The radical history of International Working Women’s Day (March 8th) has been systematically watered down to remove class struggle from it’s name, hence the removal of the word “Working.”  It appeared as early as 1909 in New York with some 15,000 women marching through the streets demanding shorter hours and better pay and safer working conditions.

In 1917 women workers of Petrograd had organized a mass of 50,000, comprising their fellow male comrades in demanding for “bread, peace and land” and to end the imperialistic world war. All this history is well laid out in Saswat Pattanayak’s article International Women’s Day: Anti-War, Anti-Capitalist Movement to Emancipate All Workers!

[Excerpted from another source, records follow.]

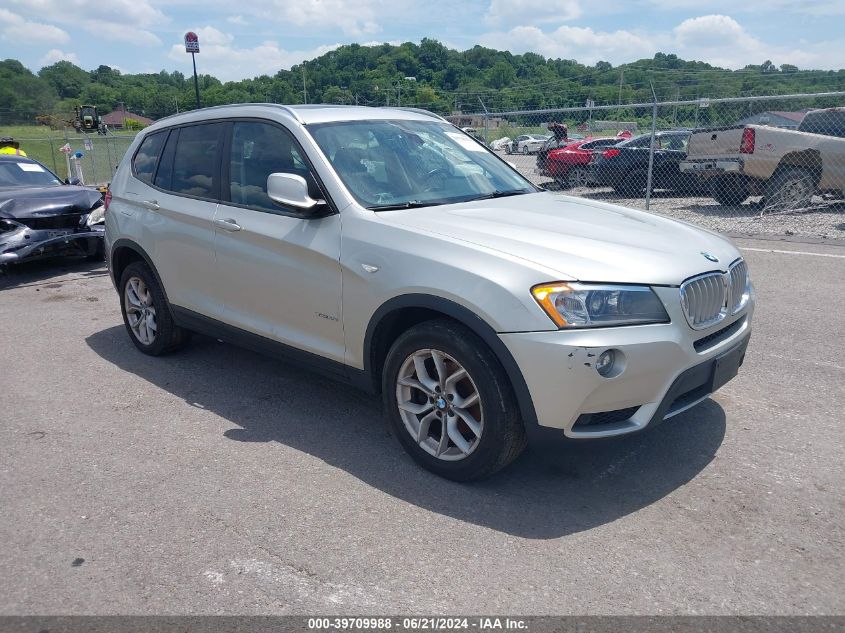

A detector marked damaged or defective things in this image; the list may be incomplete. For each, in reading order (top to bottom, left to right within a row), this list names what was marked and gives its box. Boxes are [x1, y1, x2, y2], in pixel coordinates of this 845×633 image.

damaged black car [0, 156, 105, 266]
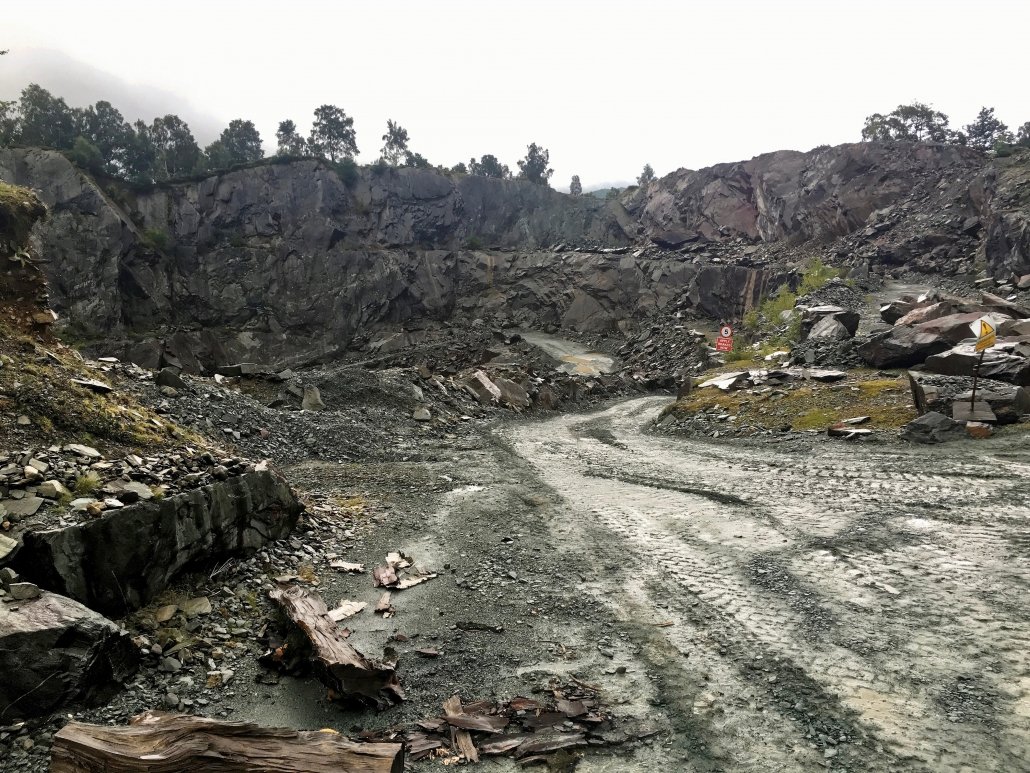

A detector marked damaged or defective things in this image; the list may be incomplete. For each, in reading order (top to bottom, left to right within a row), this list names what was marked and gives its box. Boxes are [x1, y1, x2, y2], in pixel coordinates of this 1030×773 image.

broken wood piece [327, 601, 368, 626]
broken wood piece [269, 585, 401, 709]
broken wood piece [50, 713, 401, 773]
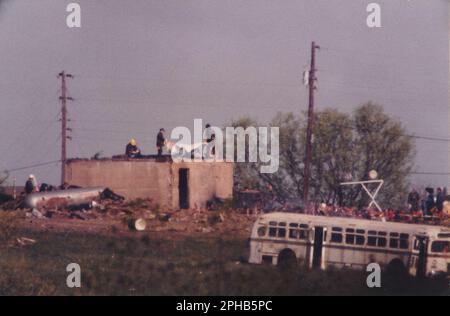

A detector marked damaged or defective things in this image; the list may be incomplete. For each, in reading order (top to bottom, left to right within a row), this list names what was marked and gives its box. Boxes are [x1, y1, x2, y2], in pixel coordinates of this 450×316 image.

rusted bus body [250, 212, 450, 276]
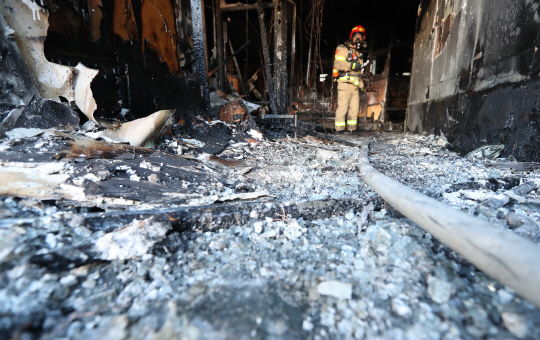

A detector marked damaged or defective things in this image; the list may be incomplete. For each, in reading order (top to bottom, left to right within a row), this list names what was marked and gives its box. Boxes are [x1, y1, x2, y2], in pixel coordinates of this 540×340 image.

burned wall [408, 0, 540, 161]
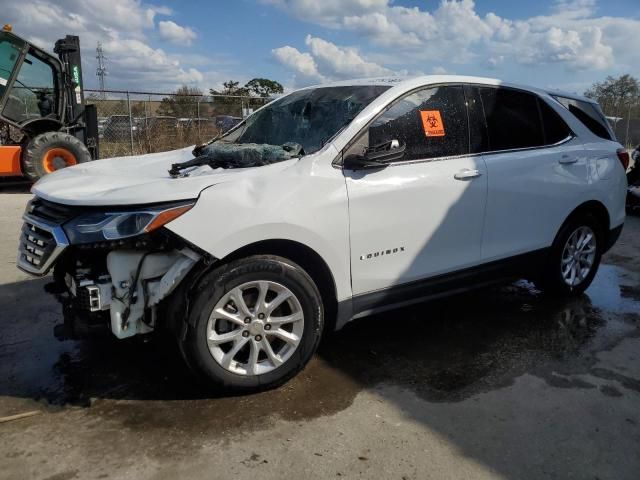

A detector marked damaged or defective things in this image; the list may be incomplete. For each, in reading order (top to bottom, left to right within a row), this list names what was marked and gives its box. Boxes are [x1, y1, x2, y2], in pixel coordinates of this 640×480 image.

shattered windshield [220, 85, 390, 155]
crumpled hood [31, 146, 296, 206]
broken headlight [65, 201, 196, 244]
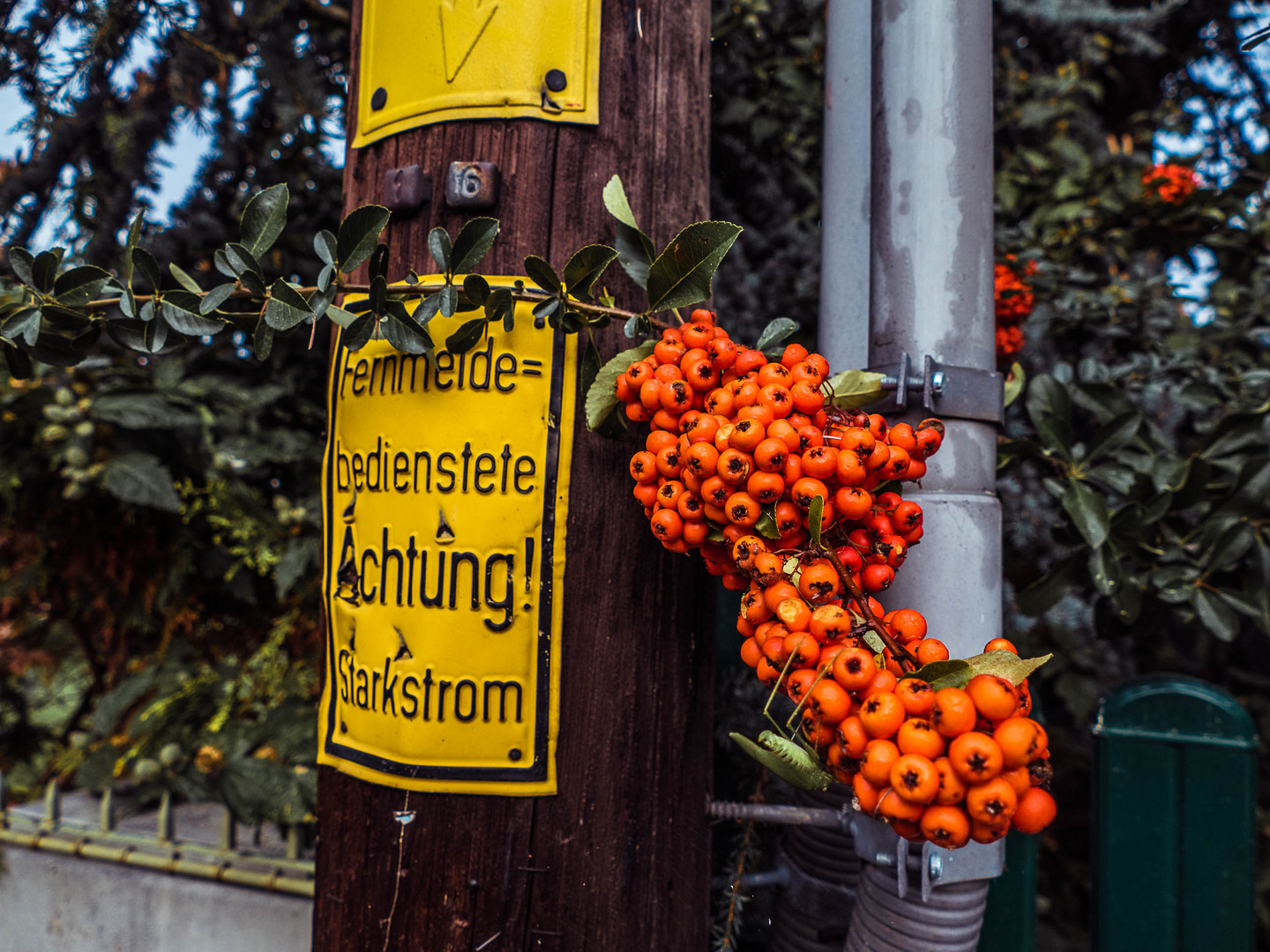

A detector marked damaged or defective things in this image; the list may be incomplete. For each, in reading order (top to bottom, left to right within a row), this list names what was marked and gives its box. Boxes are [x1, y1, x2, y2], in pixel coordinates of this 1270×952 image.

rusty metal tag [353, 0, 599, 149]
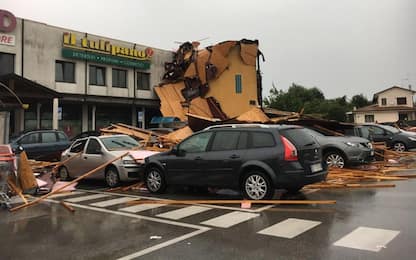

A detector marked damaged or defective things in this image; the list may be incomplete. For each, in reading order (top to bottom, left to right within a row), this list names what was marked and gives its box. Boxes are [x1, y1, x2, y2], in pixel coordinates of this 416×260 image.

crushed vehicle [57, 134, 157, 187]
crushed vehicle [143, 123, 328, 199]
crushed vehicle [302, 128, 374, 169]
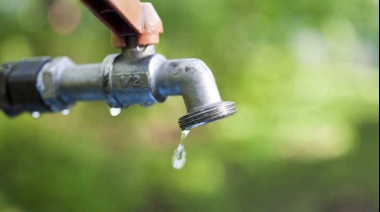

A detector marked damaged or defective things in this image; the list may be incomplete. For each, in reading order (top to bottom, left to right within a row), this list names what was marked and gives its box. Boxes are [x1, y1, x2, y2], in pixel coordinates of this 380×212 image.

corroded valve [81, 0, 163, 46]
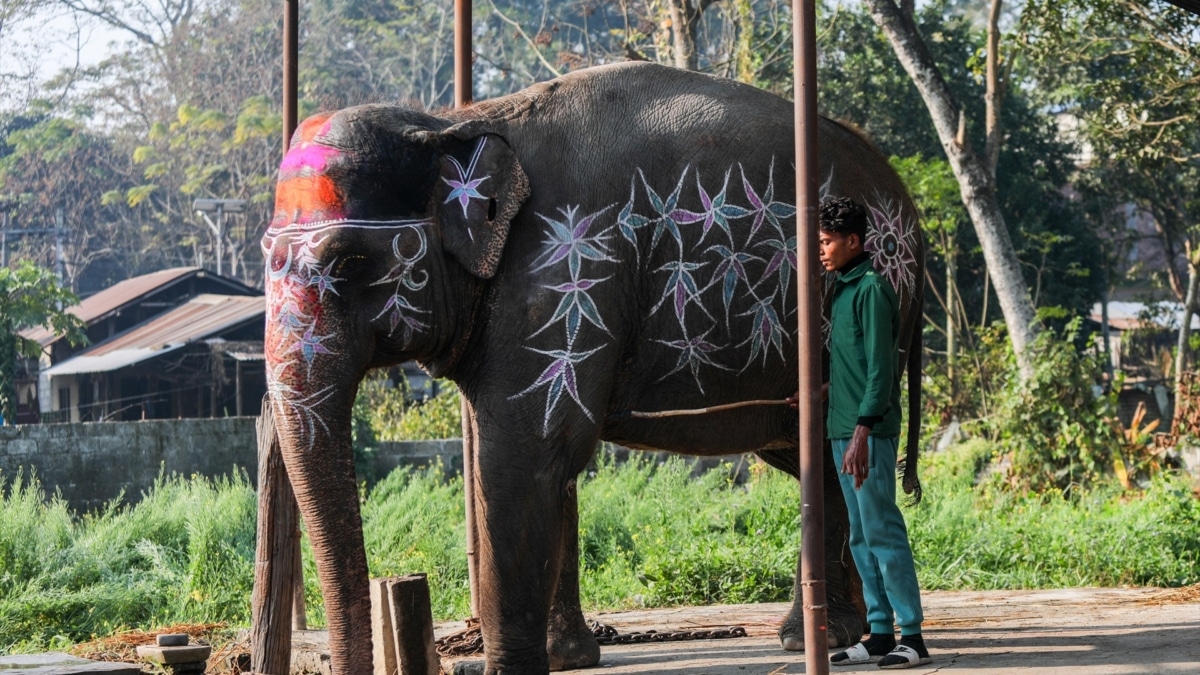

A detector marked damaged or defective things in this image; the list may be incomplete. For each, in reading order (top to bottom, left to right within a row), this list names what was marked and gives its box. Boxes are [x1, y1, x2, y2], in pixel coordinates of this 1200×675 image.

I love her ending declaration in the article which reads:

“If history teaches us any lessons, then the International Women’s Day teaches us a few: that, women will not be emancipated anywhere without women’s liberation everywhere; that, without the recognition of the ways race, class, gender and other social locations intersect, there is no way to bring the historically oppressed women to the same platform that has been achieved by the privileged women; that, the radical history of working women’s movements to liberate women and men must not be diminished by those eager to erase the history of struggles and replace them with history of charities. That, the month of March, the week of March 8th and the Day of the International Women instruct us this: the working women (and, men) of the world must unite in cause, because they have nothing to lose. And, everything to gain.”

For this International Working Women’s Day I created a new print which will be an annual series celebrating working women. This years piece celebrates women writers. I highlighted the erasure of the word “working” from the day by using a writers editing symbol to insert the word back into the title. This piece is a lino-cut and letterpress.

March8thSmall

Happy International (Working) Women’s Day everyone!